However, as the report states:

To date, Council has not implemented additional permissive exemptions outside of heritage exemptions. In September 2011 (RTS 08713), Council adopted the policy to continue to support not-for-profit organizations through the existing range of statutory exemptions available under Section 396(1) of the Vancouver Charter and the City’s grant programs; permissive exemptions will not be considered.

In other words, City Council has explicitly said they only want to extend exemptions to heritage properties and other organizations will be supported through direct grants from the city.

So while active churches themselves are exempt from municipal taxes, any other property owned by a religious organization in the City of Vancouver is possibly subject to property taxes. As most churches are registered charities, these properties are arguably exempt, provided they are "wholly in use for charitable purposes."
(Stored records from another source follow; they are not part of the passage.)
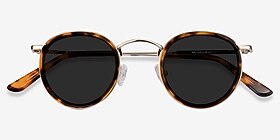 Rollin Écailles Acetate-metal Soleil de Lunette de vue d'EyeBuyDirect, Vue Rapprochée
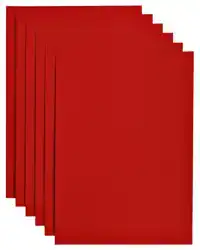 KOPIEERPAPIER PAPICOLOR A4 100GR ROOD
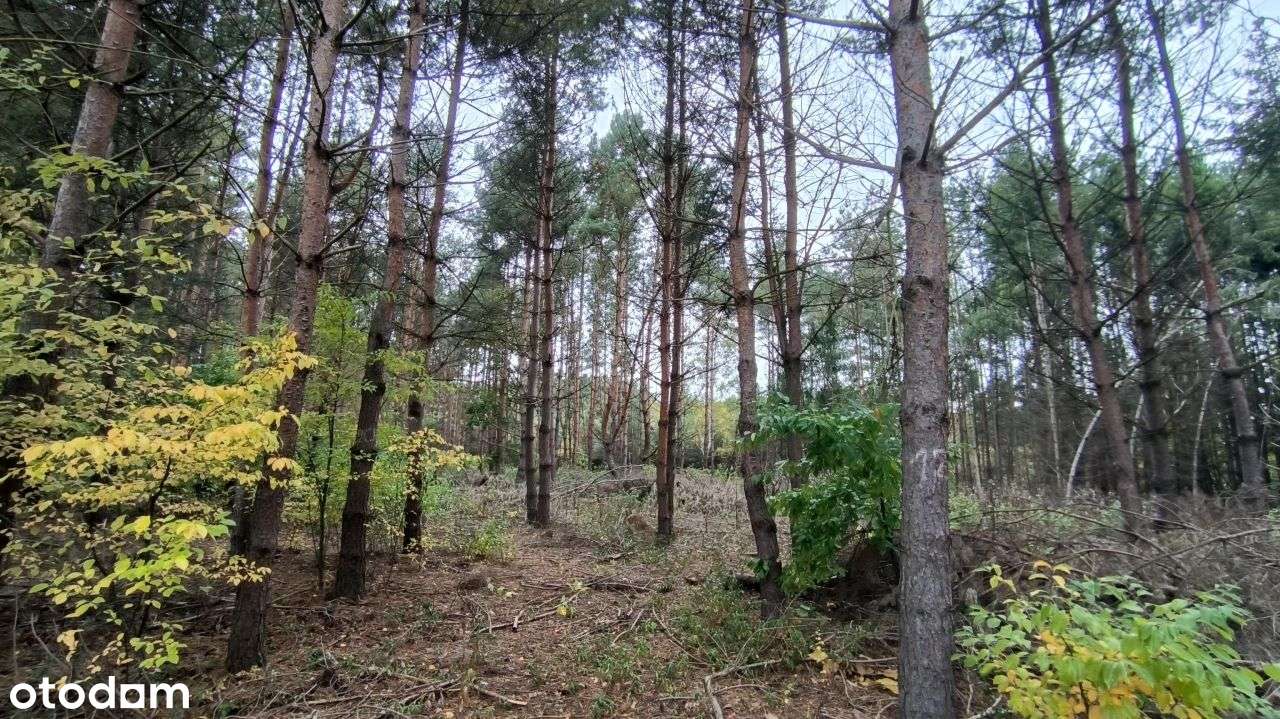 Okolice Zalewu Grzymek .-0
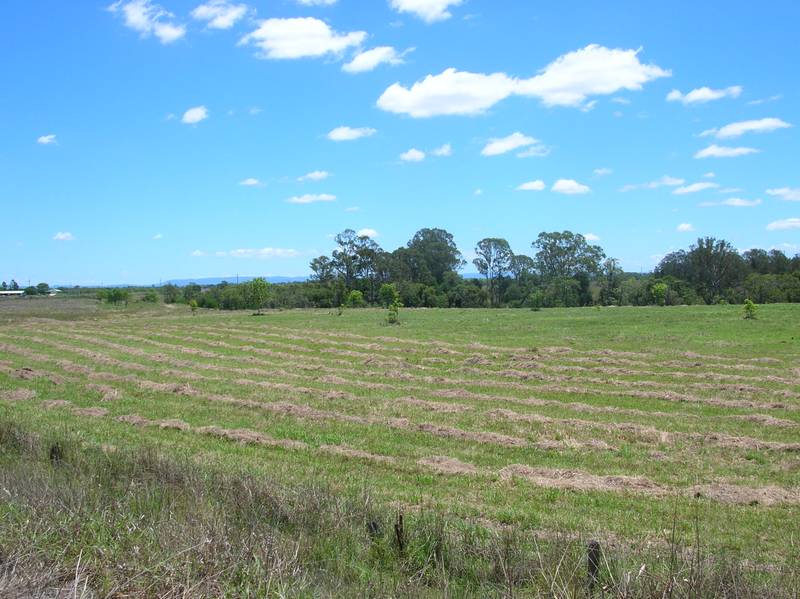 CLOVASS COUNTRY Picture 2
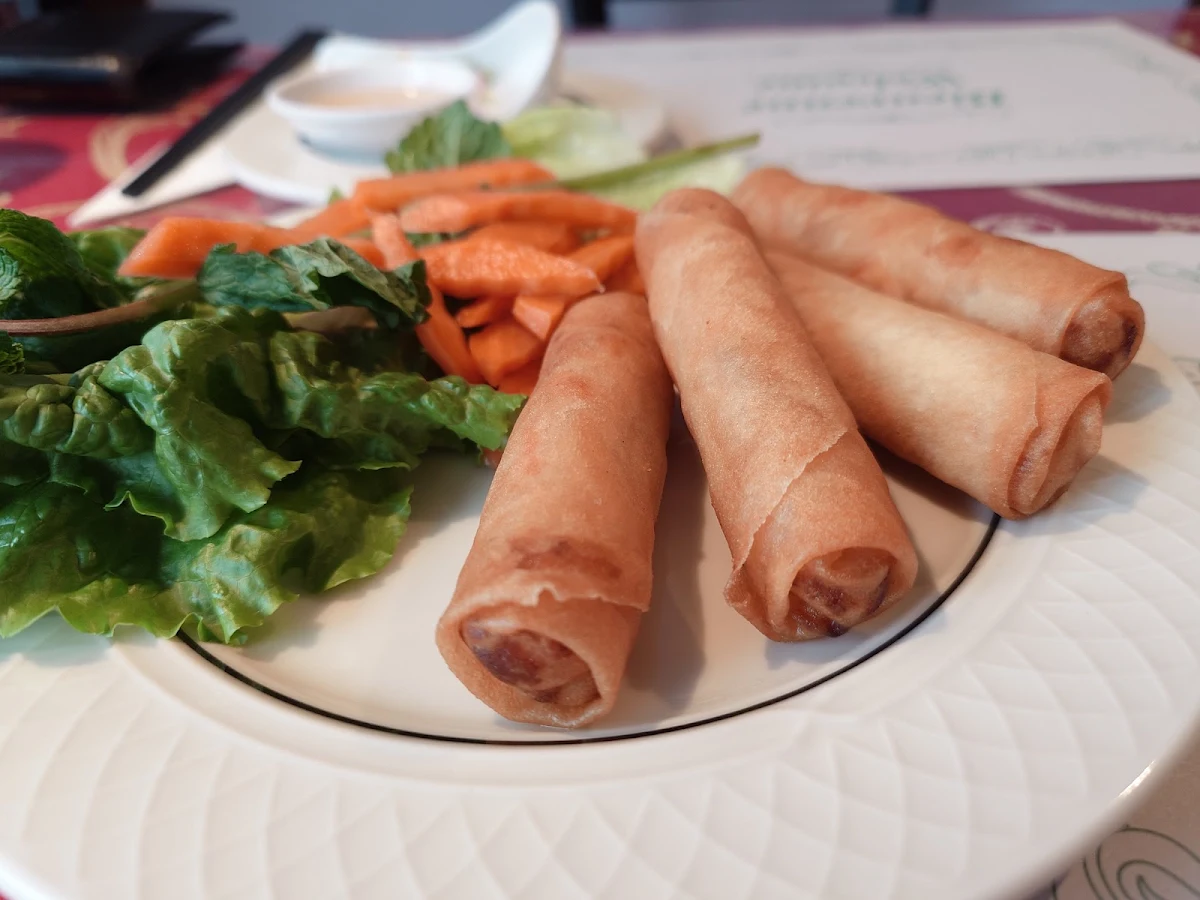 Veg Spring Roll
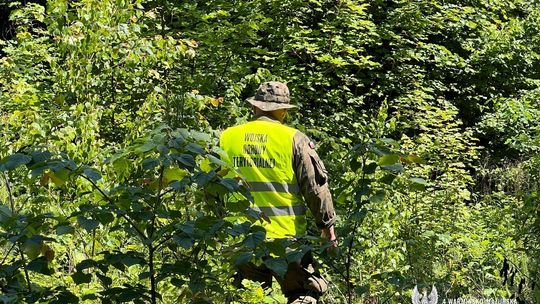 Szkolenie żołnierzy WOT – poszukiwanie zaginionych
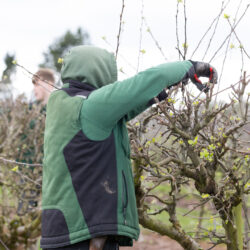 Proper Pruning
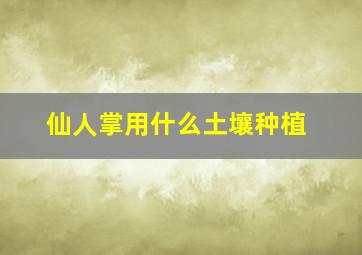 仙人掌用什么土壤种植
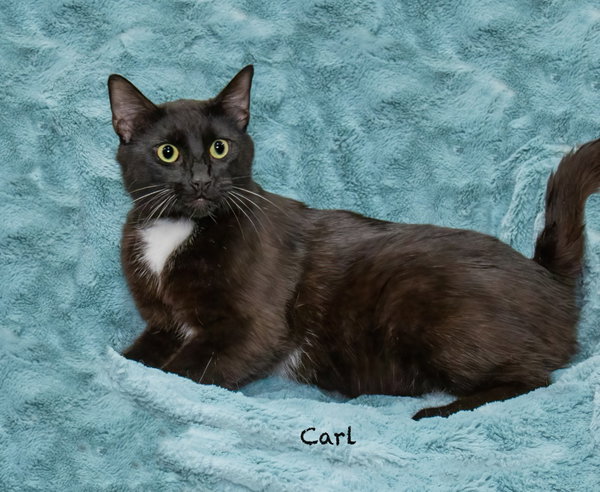 Carl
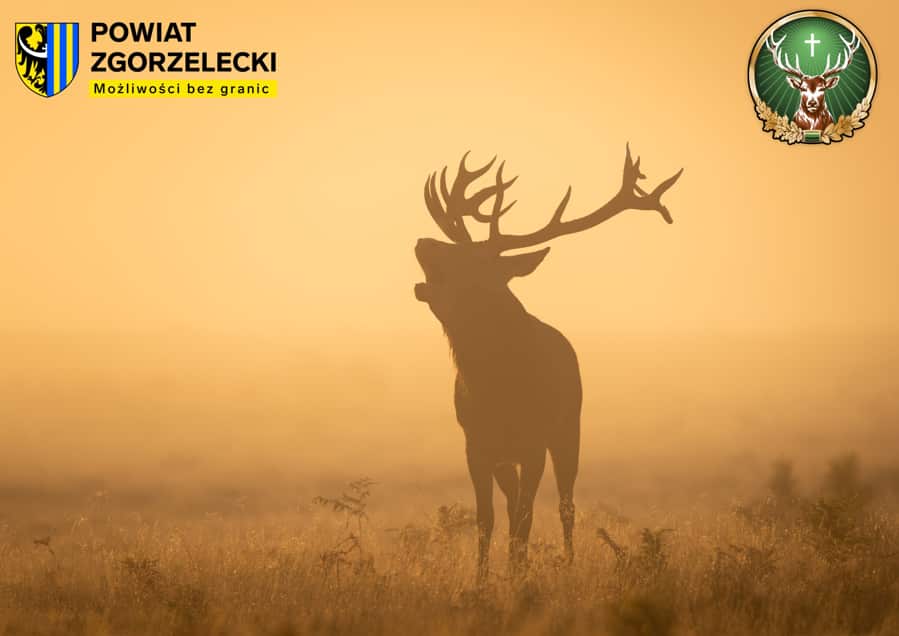 Święto Myśliwych – Hubertus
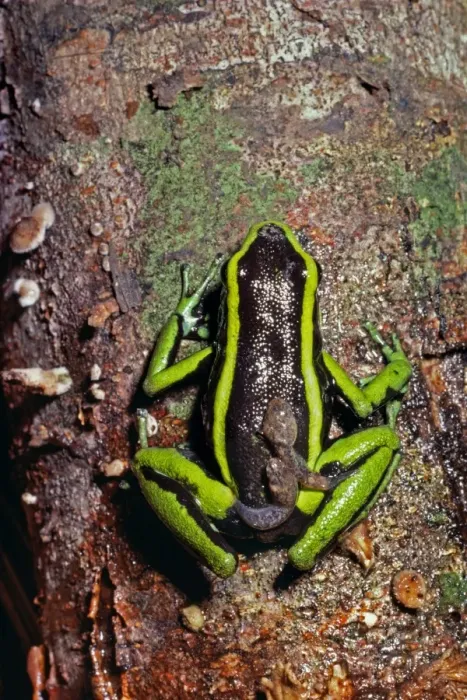 Framed Print : Poison-arrow Frog - carrying tadpoles on back - Caravari - Rio Jurua Brazil Framed Print : Poison-arrow Frog - carrying tadpoles on back - Caravari - Rio Jurua Brazil
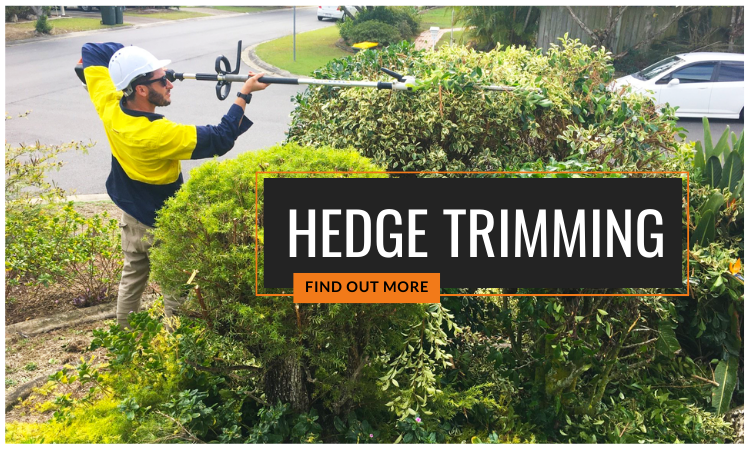 hedge trimming south melbourne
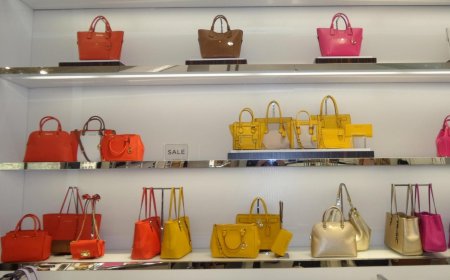 網紅賣美食賺億元、轉手精品包　國稅局抓逃稅手法大公開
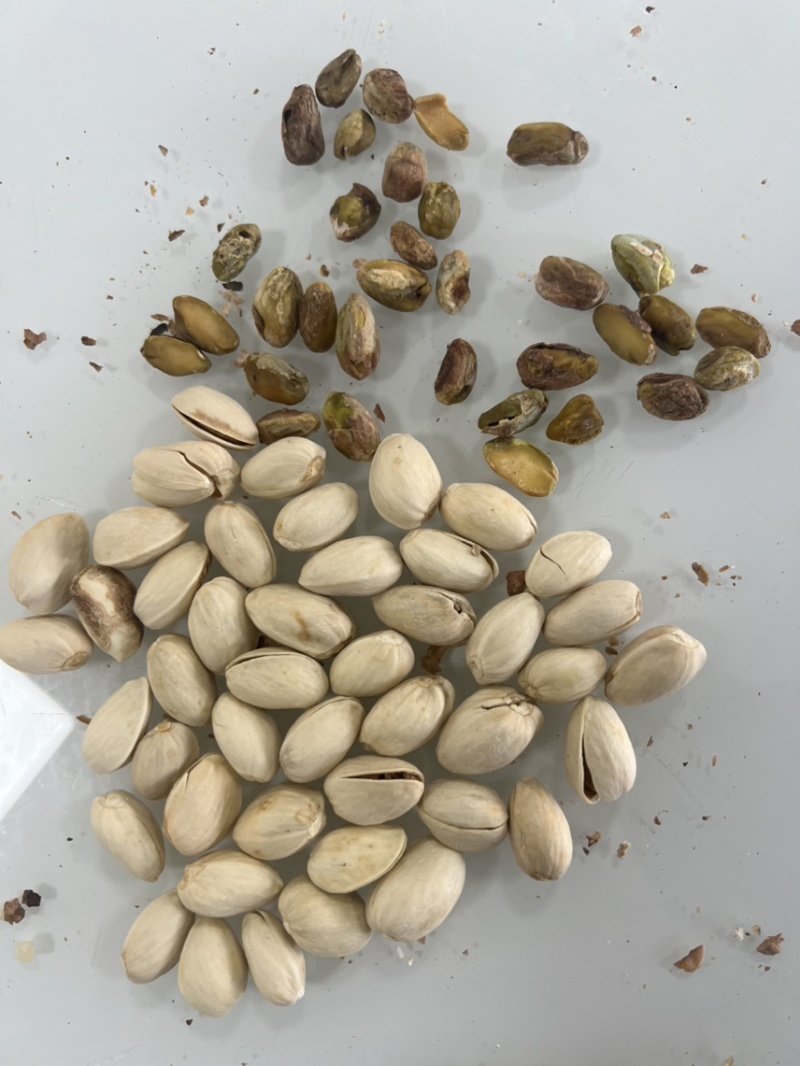 开心果电商货大量现货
One notable exception, however, would be the Church of Scientology of British Columbia who own the building at 401 W Hastings. While the Canada Revenue Agency has not recognized Scientology as a charitable organization, BC Assessment has classified their property as a church and it is therefore exempt from municipal taxes. If their $6.7 million property was assessed at a full rate for an equivalent non-profit, the Church of Scientology would owe nearly $27,000 per year in property taxes.

Nevertheless, Vancouver City Council's decision to not extend additional permissive exemptions is a notable exception to the provincial norm.